By learning about the most popular types of financial manipulations, you can avoid scams and will be able to make rational market decisions.
What is market manipulation?
Market manipulation is artificial conduct aimed at deceiving investors and affecting the price of assets. In most countries, market manipulation is considered illegal and a prosecutable offence, because it can disrupt the capital flow.
However, it is quite difficult for regulatory authorities to find and punish offenders, who resort to artificially driving the price up for their own benefit. There are many ways to manipulate the market, from falsifying quotes to imitating transactions. Financial fraud is possible in trading any assets (Forex pairs, stocks, commodities, etc.).
Popular ways to manipulate the market
It is important to know the main methods used by scammers to attract investors. This will help you avoid participating in scams and keep your money safe. Traders Union analysts prepared a list of main methods used by market manipulators:
Pump and Dump. This scam involves driving the price of an asset up using false advice. Specifically, spam is used. Potential victims are offered to invest funds in potentially “promising” assets. Investors invest their funds and invite others, artificially raising the price.
Fake news. False information is disseminated about a company to influence potential investors and convince them to make specific decisions. Fake news is mostly harmful to long-term and short-term investors.
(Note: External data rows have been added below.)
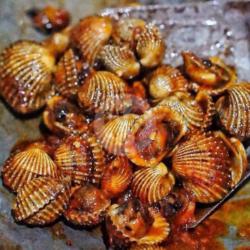 Kerang Dara Saus Padang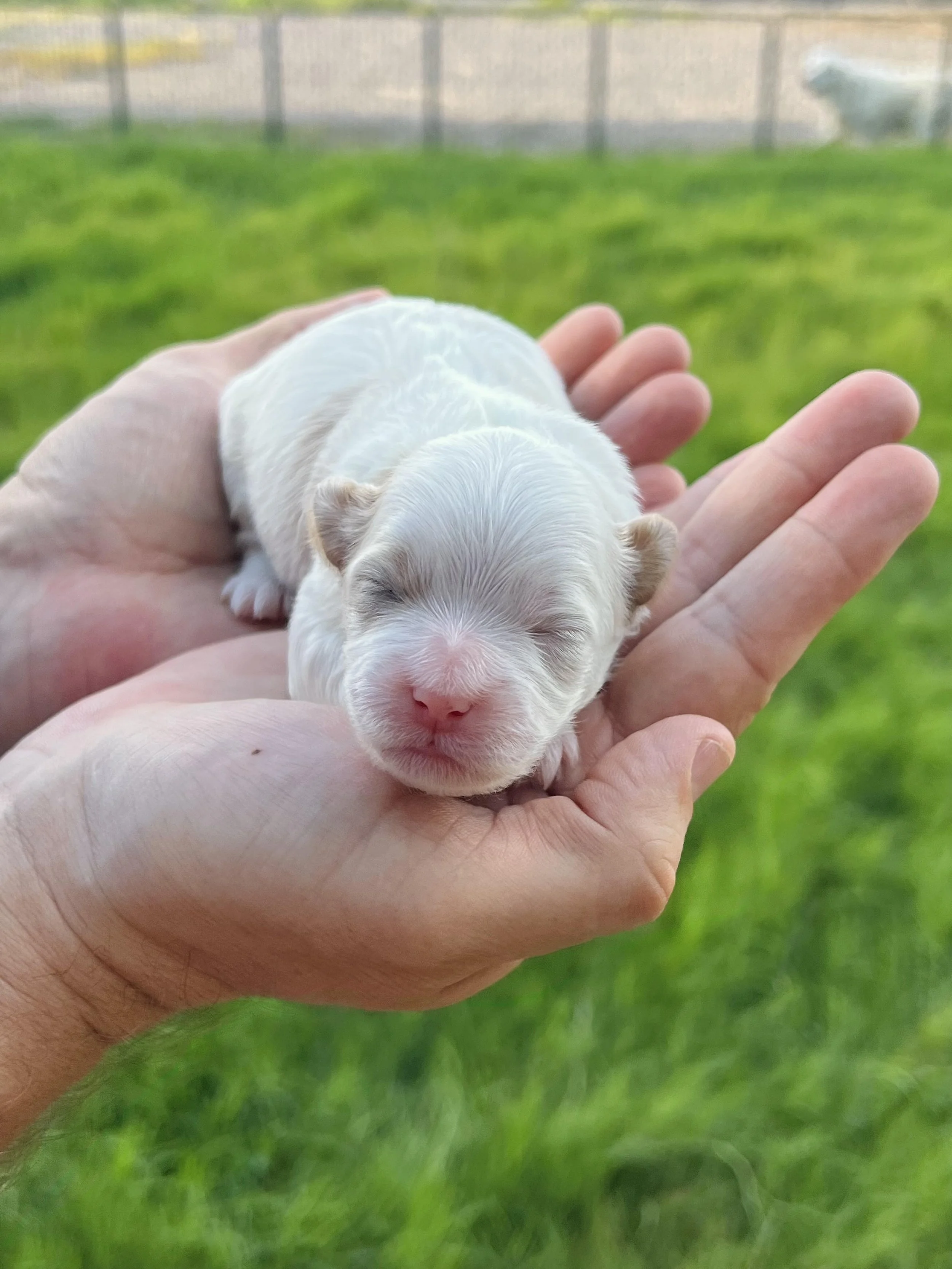 Shih poo puppy, male shih poo puppy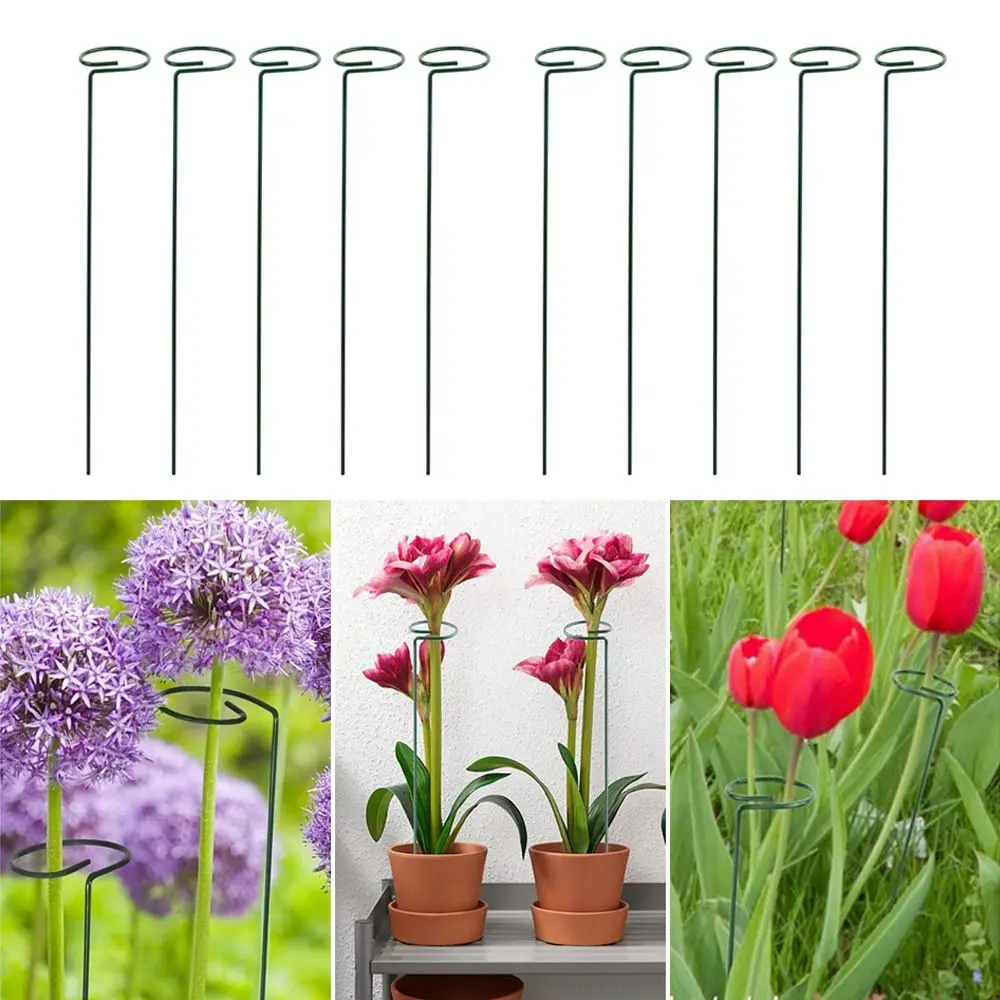 5Pcs Durable Garden Climbing Vine Rack Plant Support Stand Fixing Rod Climbing Frame Plant Cage Frame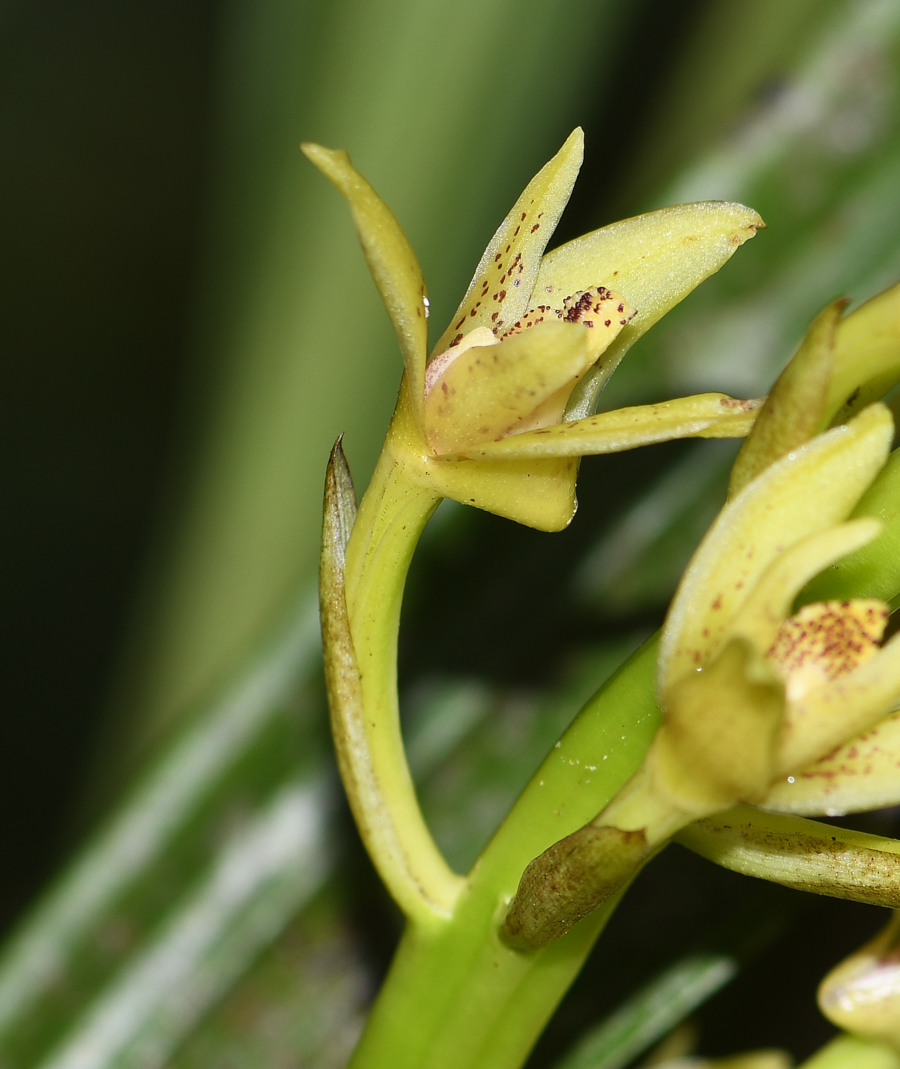 Image of familia Orchidaceae specimen.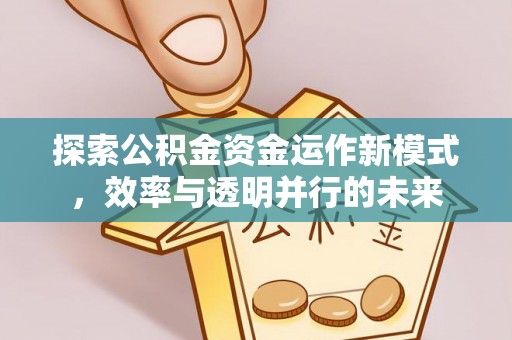 海勃湾探索公积金资金运作新模式，效率与透明并行的未来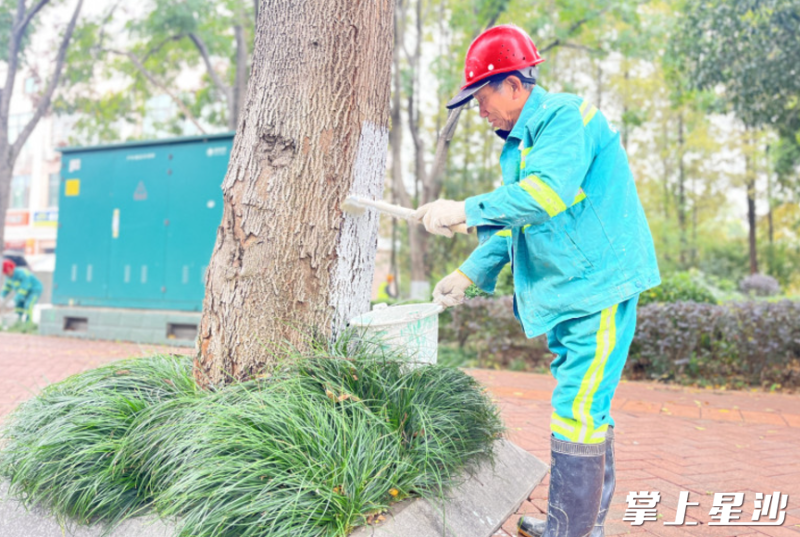 园林工人伍喜良正挥动刷子，专注地为树干刷白。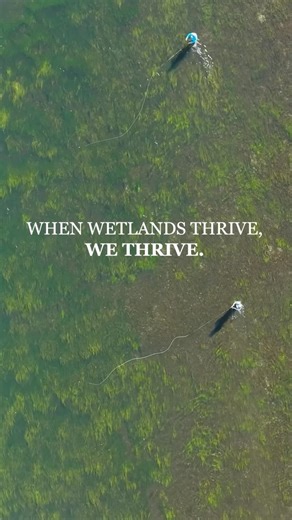 May is American Wetlands Month, and we at Ducks Unlimited are excited to celebrate our passion for conservation throughout the entire month. Stay tuned! We’ve got some cool things coming your way! | Ducks Unlimited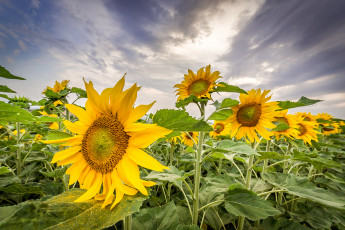 Картинка цветы подсолнухи цветок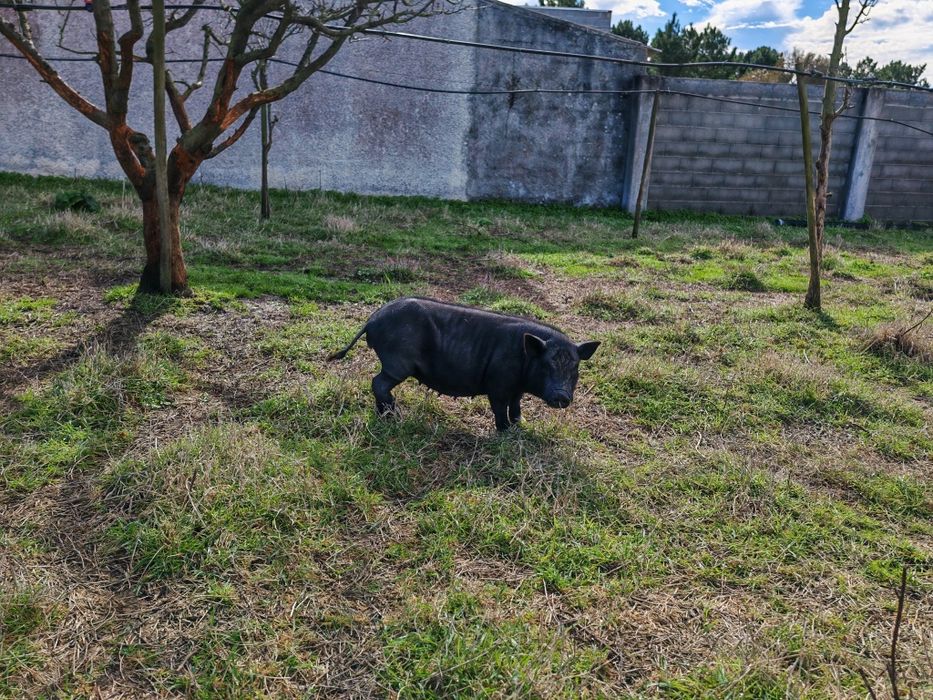 Vendo cabrito anão e porca vietnamita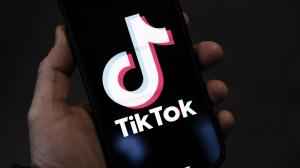 Owners of two TikTok accounts identified for sedition, spreading untruths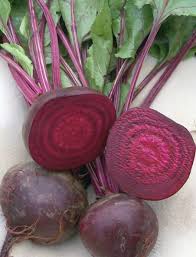 Crosby's egyptian beet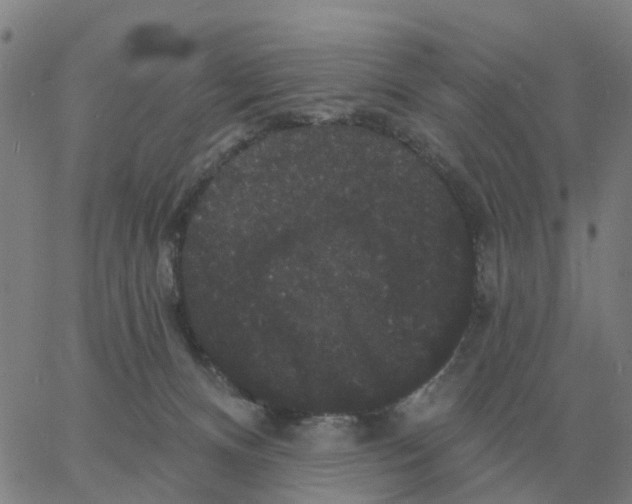 X0000060790128200512082134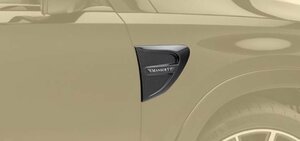 マンソリー メルセデス ベンツ GLSクラス フロントフェンダーパネル エアロパーツ MANSORY Mercedes Benz X167 AMG LINE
Spoofing. Scammers place large orders but don’t intend to execute them. This is done to create a false idea about a large number of buyers/sellers. The scammers are simply after making a profit through market manipulation.
Bear raid. Scammers push the asset’s price lower through short selling. At that, a bear raider receives income from short sales earlier and then starts spreading false information. As a result, other investors lose money, while the manipulator’s profit increases.
Corner a market. In this case, a certain organization tries to gain control over an asset to be able to manipulate its price. As a result, manipulators can dictate conditions to others, as they have control over the asset.
In the analytical article by Traders Union specialists, you can find information about other popular methods of market manipulation and review real examples.
Experts explain why market manipulation is illegal and how to avoid market manipulators.
Specifically, experts recommend traders check sources of information, clearly follow their chosen strategy and not react to sudden price pumps. This will help you reduce the risks of losing money and increase the chances of growing your capital.